The Highlander is an academic, open-access, and peer reviewed online journal, broadly concerned with the study of highland communities historically situated at the margins of the state, inspired by debates on the spatio-cultural heuristic of ‘Zomia’. This concept was used originally to imagine an alternate cartography of upland Asia, which in turn spurred debates on state, culture and social formation in the so-called peripheries. The journal is a unique and accessible forum for multidisciplinary and comparative discussions that take these concepts within and beyond Asia and thereby engage with global conversations on interconnection and fragmentation. 

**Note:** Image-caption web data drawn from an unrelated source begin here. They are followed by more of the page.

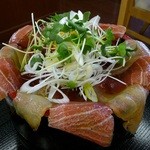 野口鮮魚店 - 紅白秘伝の 漬け丼(９８０円税別)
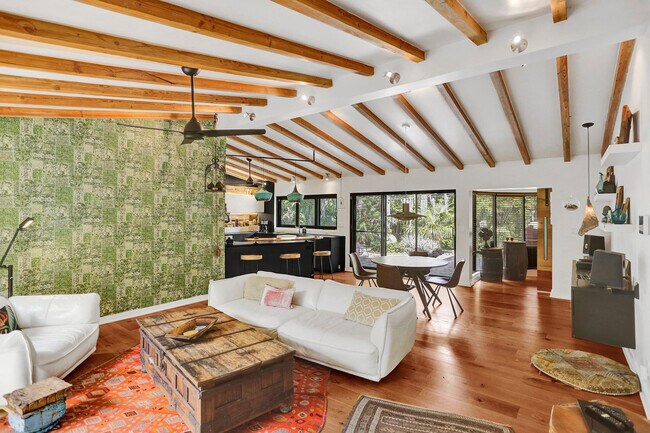 Primary Photo - 1613 SW 5th Ct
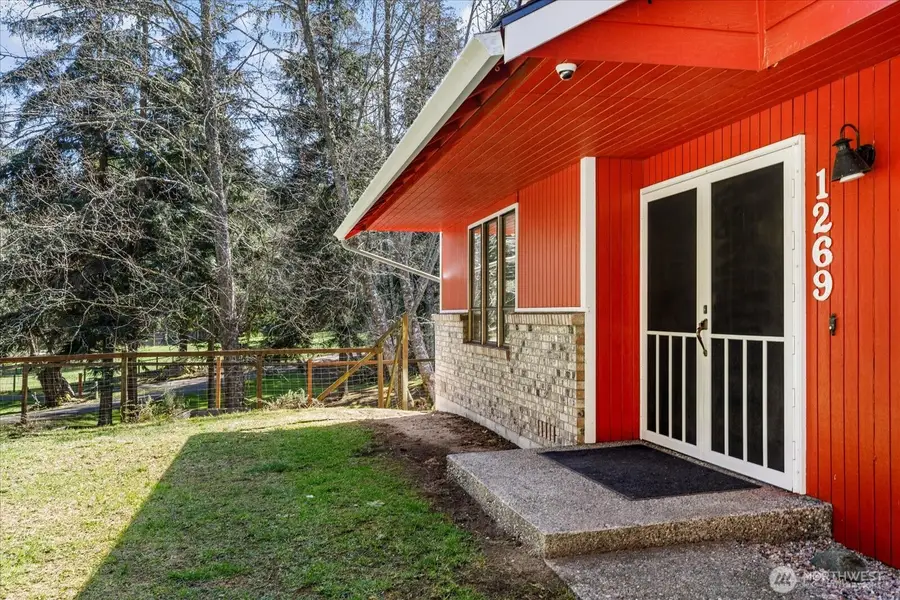 1269 Silver Lake Road, Oak Harbor, WA 98277 - #3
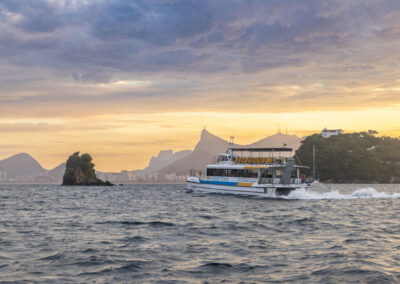 Passeio de Catamarã pela Baía de Guanabara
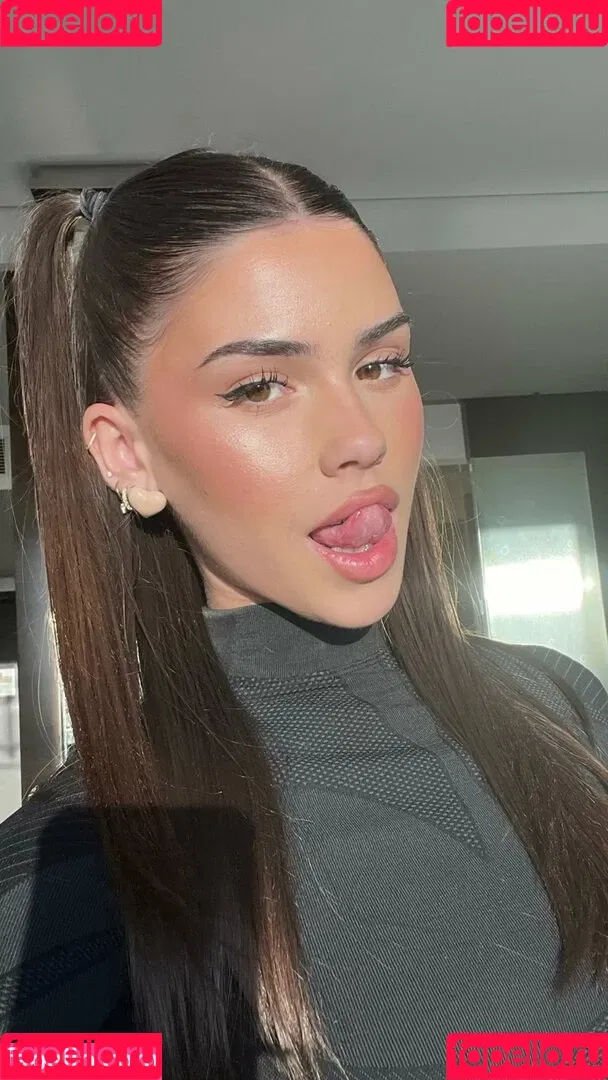 Leah Halton / leahhalton_ Onlyfans Photo Gallery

The journal extends its scope beyond traditional area studies and invites contributions that enlarge conceptual and comparative discussions within and across ‘Highland’ contexts in Asia and elsewhere. The circulation of the concept and its utility as a paradigm to view relations of Highland societies in their immediate context as well as global connections opens up new possibilities for discussion. These may complicate the heavily debated tropes that are framed as a lowland-upland dichotomy, often articulated as ‘state’ versus ‘stateless’, ‘centre’ versus ‘periphery’, or indeed ‘developed’ versus ‘backward’. Despite its contested historicity or empirical status, such tropes have spurred prescient debate about cultural elaborations of power, about identity and belonging, about relationships to the natural environment, and indeed about the sources - secular and religious - from which societies draw inspiration, and attribute their power. It is also a dialectic that influences academic publishing, and indeed academia more generally. The Highlander, in the articles it publishes, and in its methodological ethos, problematizes these dynamics, seeking to create a space that privileges interventions that foster openness, and promote debate across material, language, epistemological, and perhaps most critically, imagined boundaries.

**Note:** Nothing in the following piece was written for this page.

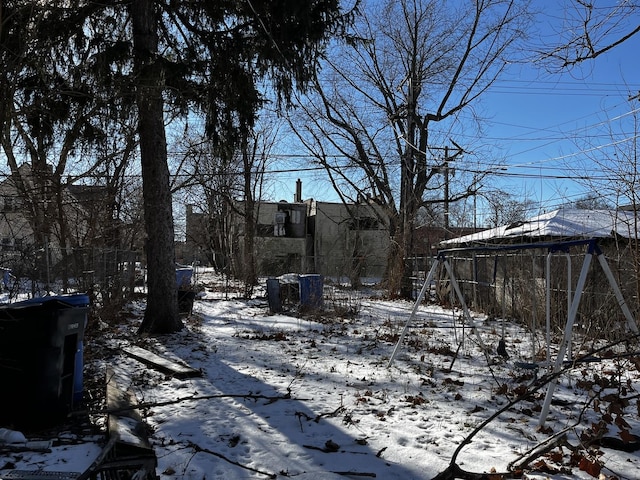 view of yard layered in snow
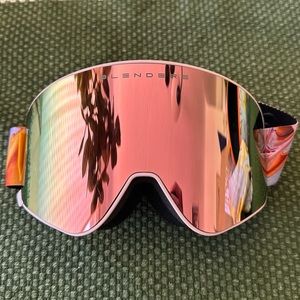 Blenders Snow Goggles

The Highlander welcomes submissions that contribute to these debates, and add to the limited but growing knowledge-base of ethnographic, historical, and archival studies on Highland Asian (but not limited to) communities and their interactions with the world. Themes of interest include but are not limited to: religious nationalism, indigenous spirituality and theology, orality and narrative, ancestral knowledge, dreams and dreaming, millenarian prophets, kinship systems, patriarchy and gender, material heritage, spirituality and ecology, Buddhism, Christianity, Hinduism, Islam, borderland politics, human-animal relations, territoriality, governmentality and sovereignty. We also invite contributions that engage the Asian Highlands (or Zomia) and its interconnections in convergent or comparative discussions that engage other Highland regions in Europe, Africa, Americas, Australasia and the Poles. Apart from articles, we also accept contributions in several other formats, which are geared towards fostering rigorous, open, accessible and continuous conversations.